- _Assignment_:
Each line of the records that follow must come back exactly, with pictures skipped.
= = = =
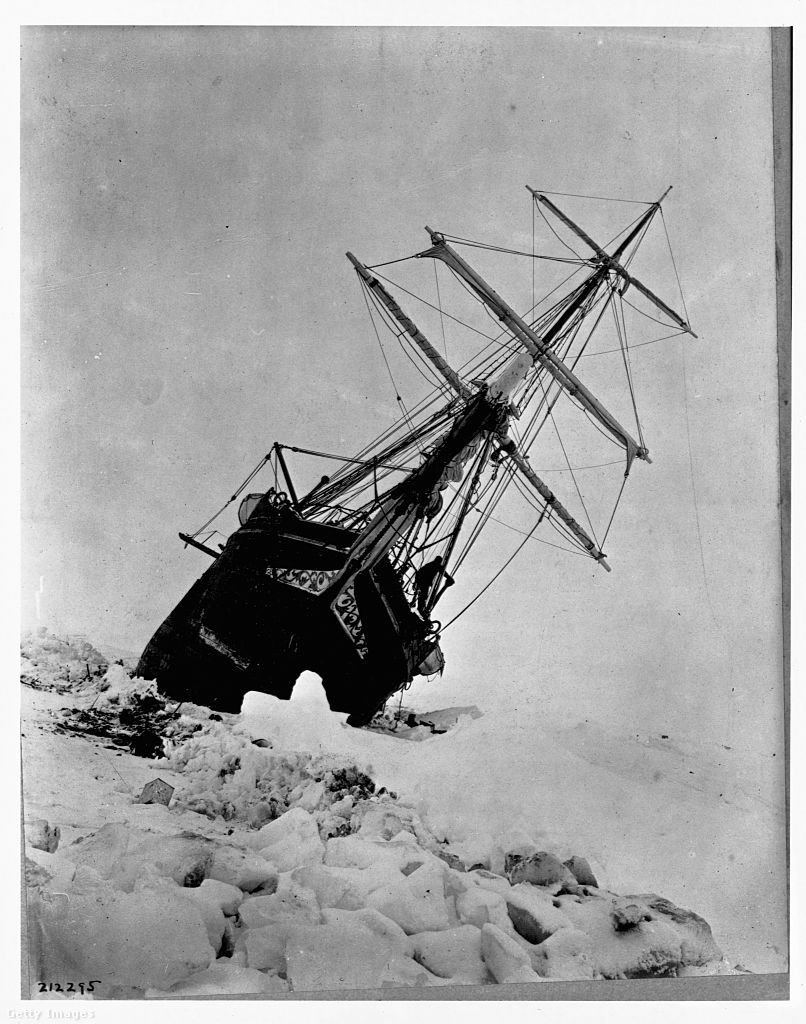 Az Endurance a jég fogságában - 1916 környékéről származó kép.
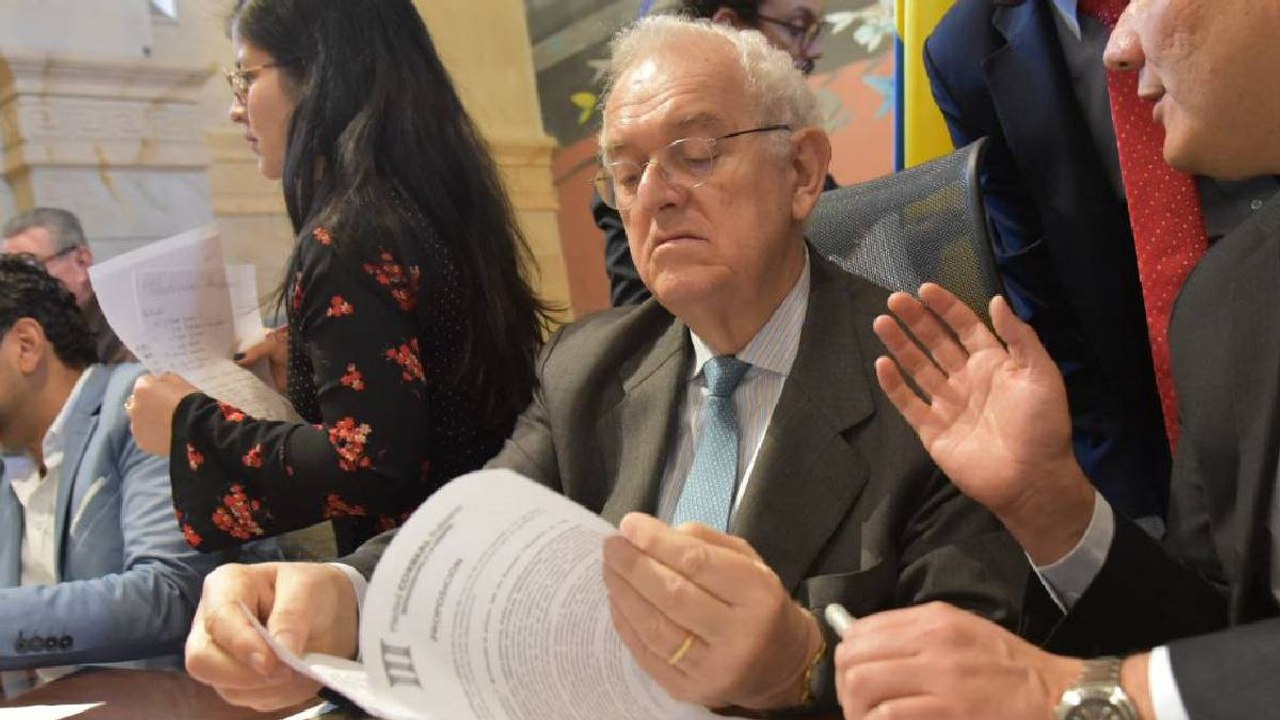 Minhacienda confirmó que varios productos y servicios básicos serán desindexados del salario mínimo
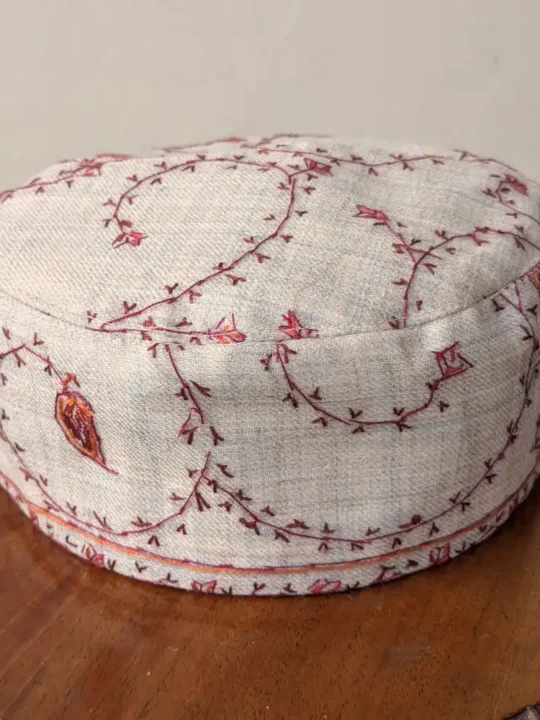 Haji Nooruddin Creamy Toosha Akh Border Sozni Cap | A Special Ramzan Edition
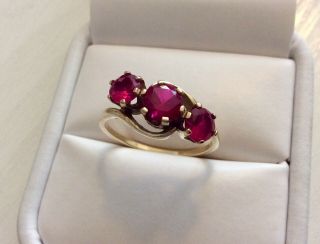 Ladies Early Vintage 9ct Gold Three Stone Ruby Ring - Tests As Rubies?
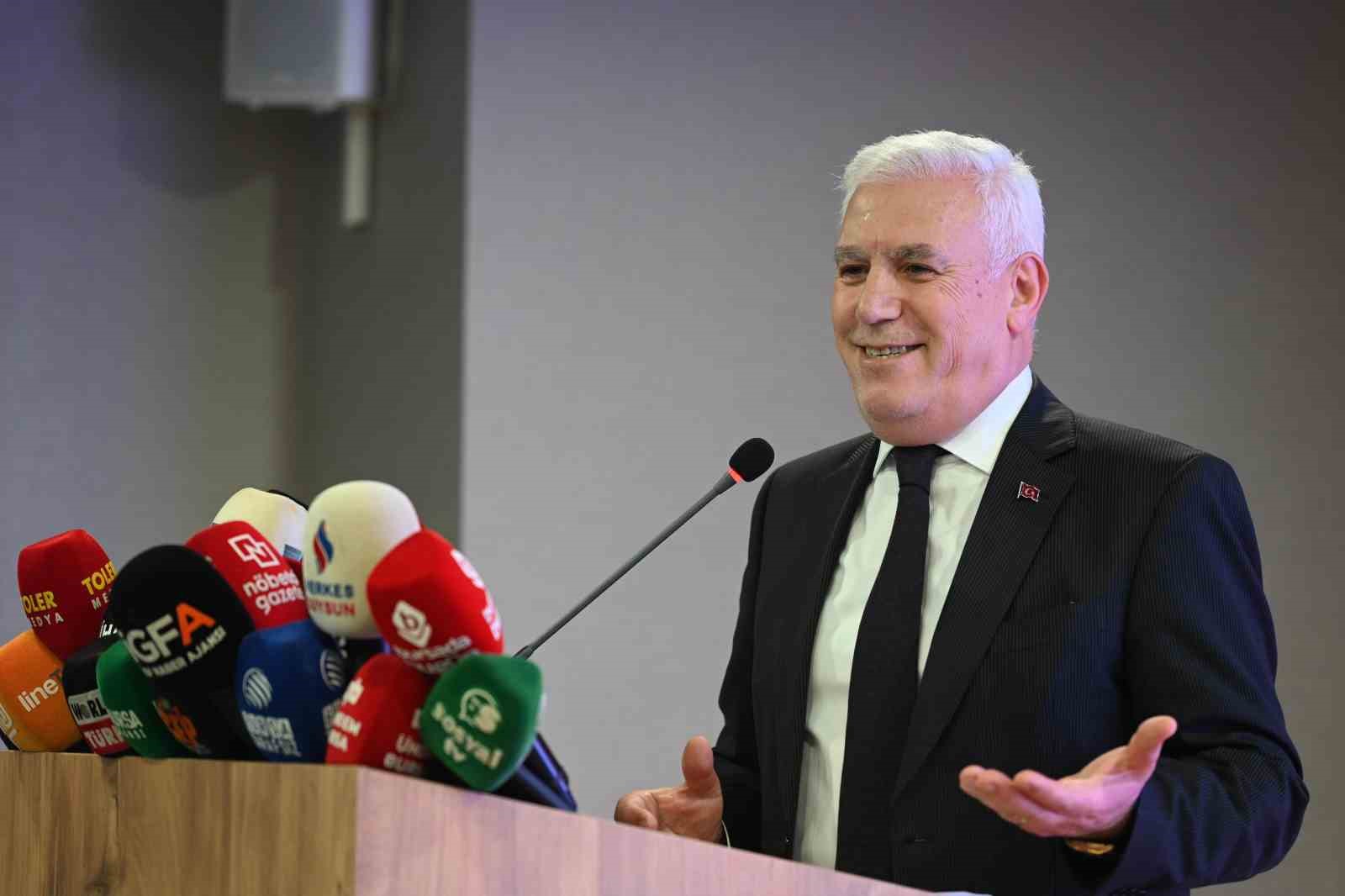 Başkan Bozbey: "Belediyenin b&uuml;t&ccedil;esini Bursa&rsquo;nın sorunlarını &ccedil;&ouml;zmek yerine se&ccedil;im kampanyalarına harcamışlar"
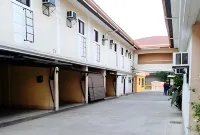 RedDoorz @ Moss Hotel Dasmarinas Hotels in General Trias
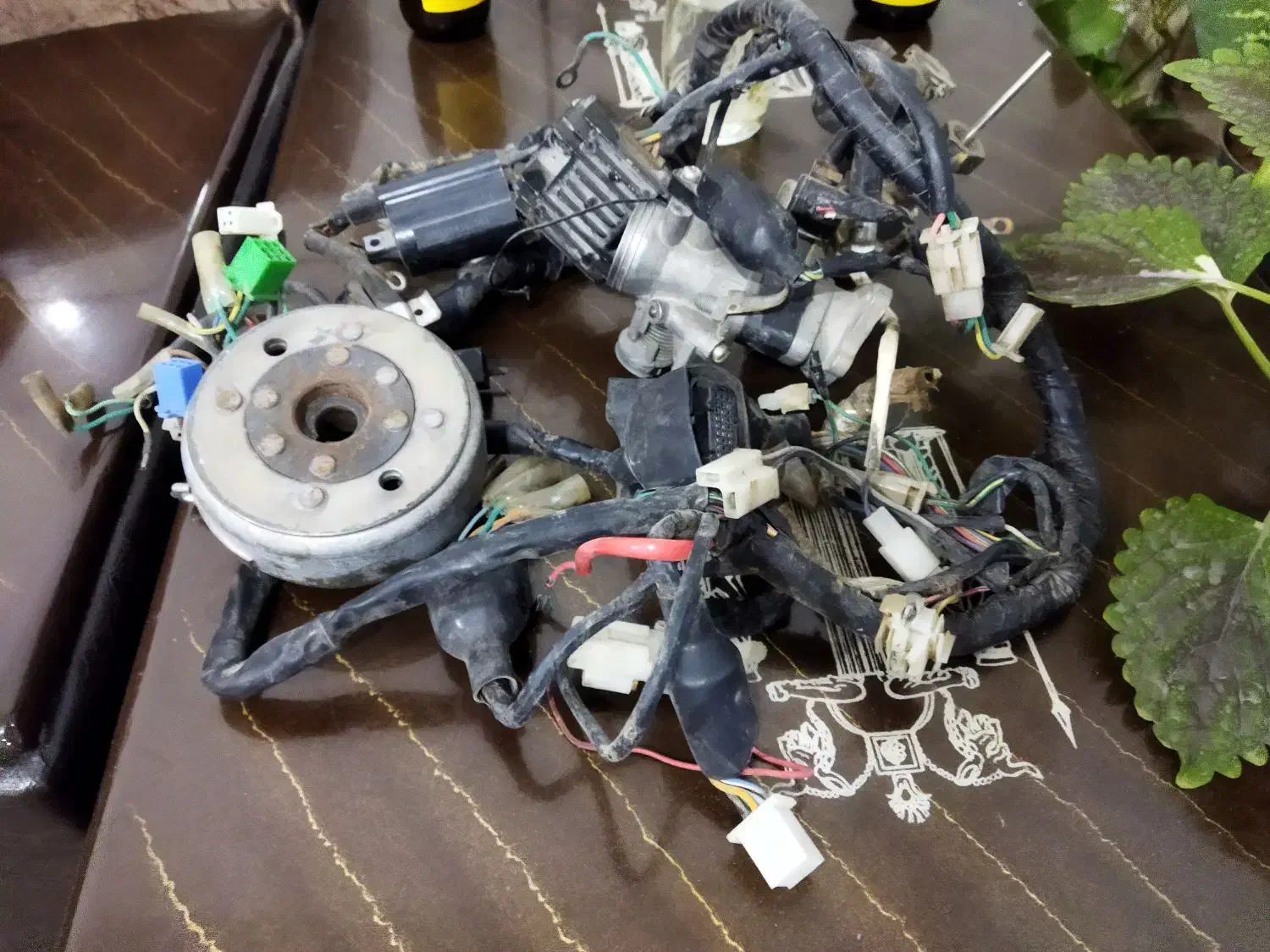 انژکتور همراه با ته سیلندر موتور سیکلت 125|قطعات یدکی و لوازم جانبی|داراب, |دیوار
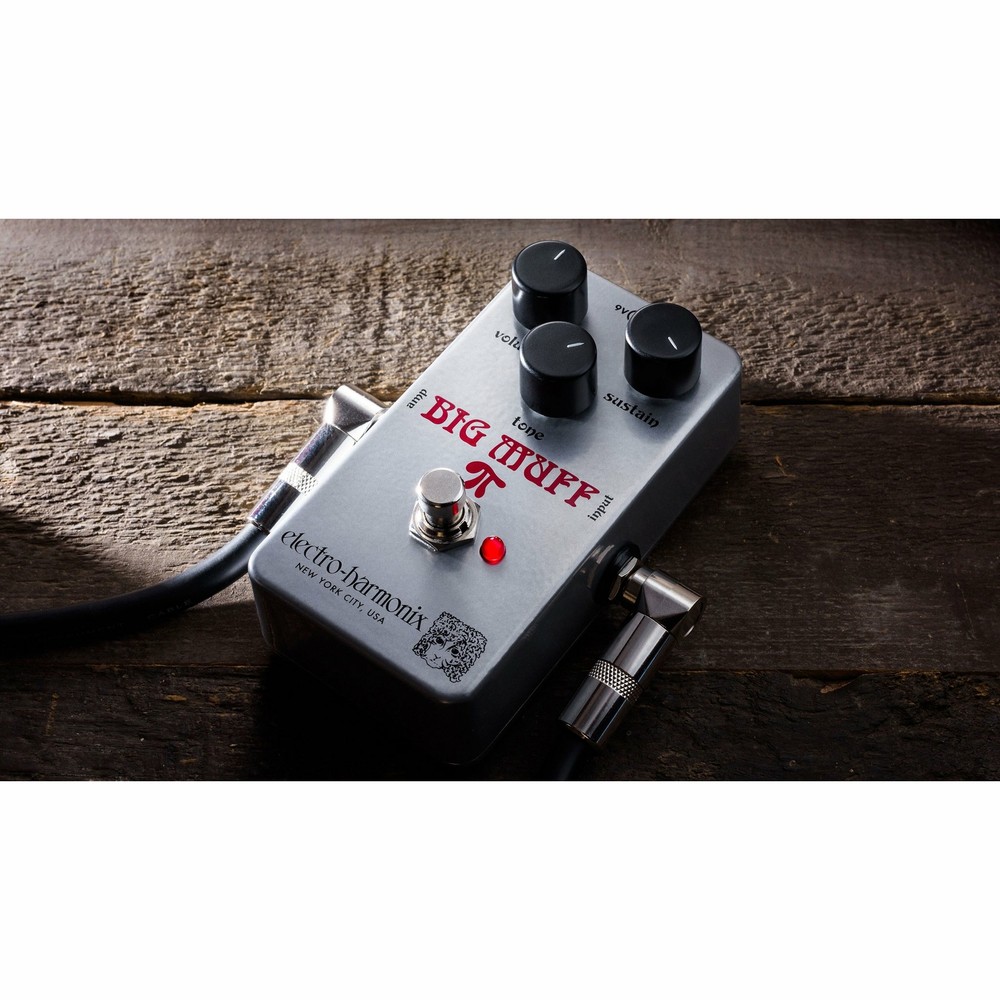 Electro-Harmonix Ram's Head Big Muff Fuzz Pedal - V2 Violet EHX Reissue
= = = =
- _Result of this task_:
 Az Endurance a jég fogságában - 1916 környékéről származó kép.
 Minhacienda confirmó que varios productos y servicios básicos serán desindexados del salario mínimo
 Haji Nooruddin Creamy Toosha Akh Border Sozni Cap | A Special Ramzan Edition
 Ladies Early Vintage 9ct Gold Three Stone Ruby Ring - Tests As Rubies?
 Başkan Bozbey: "Belediyenin b&uuml;t&ccedil;esini Bursa&rsquo;nın sorunlarını &ccedil;&ouml;zmek yerine se&ccedil;im kampanyalarına harcamışlar"
 RedDoorz @ Moss Hotel Dasmarinas Hotels in General Trias
 انژکتور همراه با ته سیلندر موتور سیکلت 125|قطعات یدکی و لوازم جانبی|داراب, |دیوار
 Electro-Harmonix Ram's Head Big Muff Fuzz Pedal - V2 Violet EHX Reissue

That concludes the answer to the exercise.